Giggles Radio has begun.
The Suspension Bridge at Iguazu Falls by Tortoise.
Iguazu Falls are located on the border between Brazil and Argentina.
Legend has it an all powerful god split the river and created the falls to stop his ladyfriend running off with someone else on a canoe. Make of that what you will.
This Giggles Radio show will feature more instrumental songs than any show previously.
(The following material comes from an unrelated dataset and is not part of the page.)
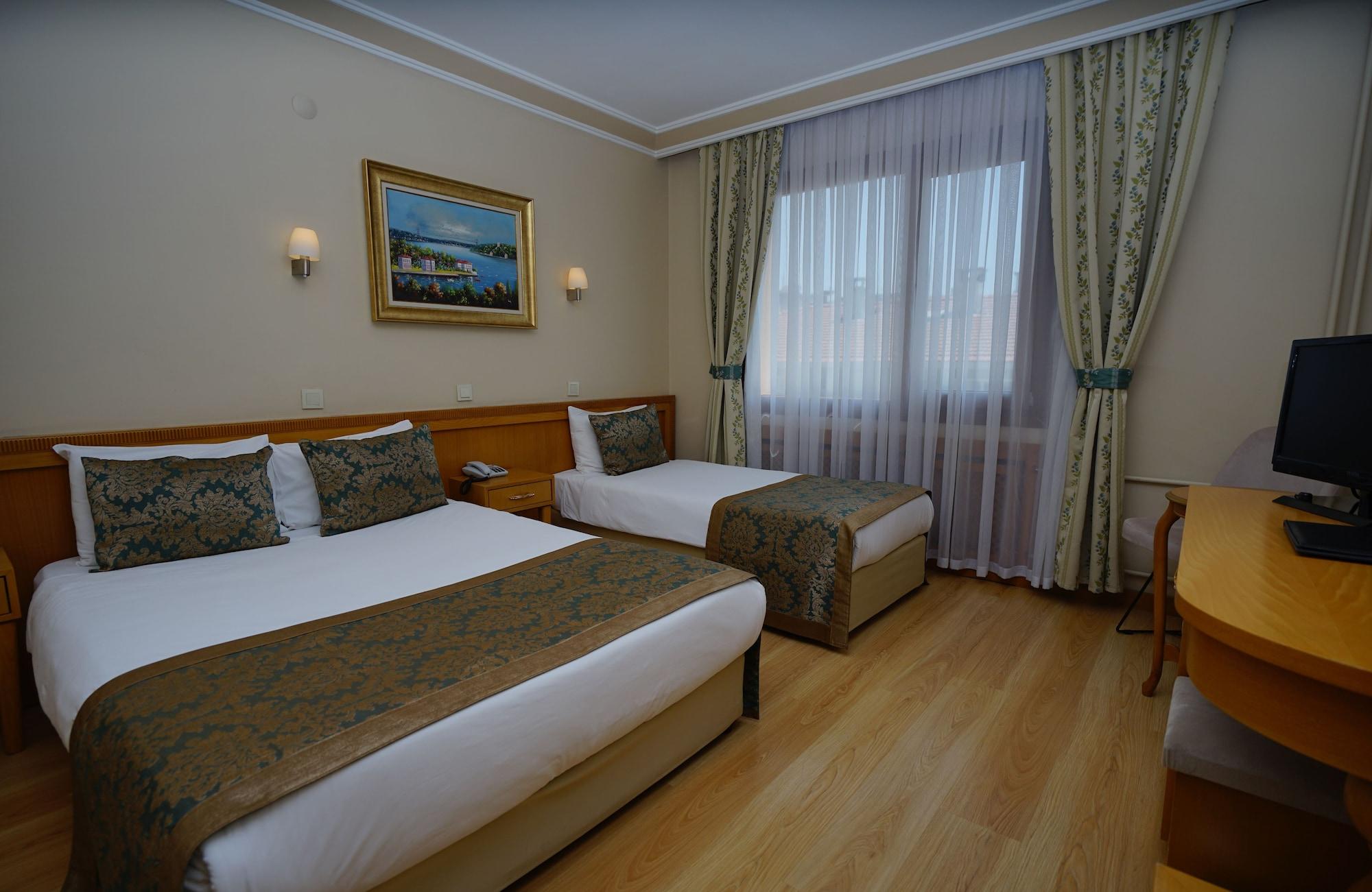 Sidonya Hotel Estambul Exterior foto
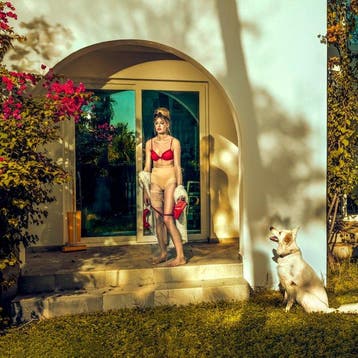 Elena Paraskeva - A Perfect Life #9 -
This is the first.
This track comes from the 1998 album TNT.
Waiting for a Train by Flash and the Pan.
I can find no website for this Australia duo.
The pair, Harry Vanda and George Young, used to be in The Easybeats in the late 60s, before forming Flash and the Pan towards the end of the 1970s.
This song reached number 7 in the UK charts.
Low Rider by War.
This song has been covered by many people, including Cypress Hill and Barry White.
Green Onions by Booker T. & The MG's.
Not sure the MG's have their own site.
Green Onions appears on many a "Greatest Song of all time" list.
Here Comes the Sun by The Beatles.
You might be interested to know, the Beatles tracks are available on iTunes as well.
George Harrison on part of the inspiration to this song: "...it seems as if winter in England goes on forever, by the time spring comes you really deserve it."
The song is the first track on the second side of the Abbey Road album.
Lovely Day by Bill Withers.
We are listening to the 7" Sunshine Mix.
The original Lovely Day single reached number 7 in the UK charts, the first time it was released.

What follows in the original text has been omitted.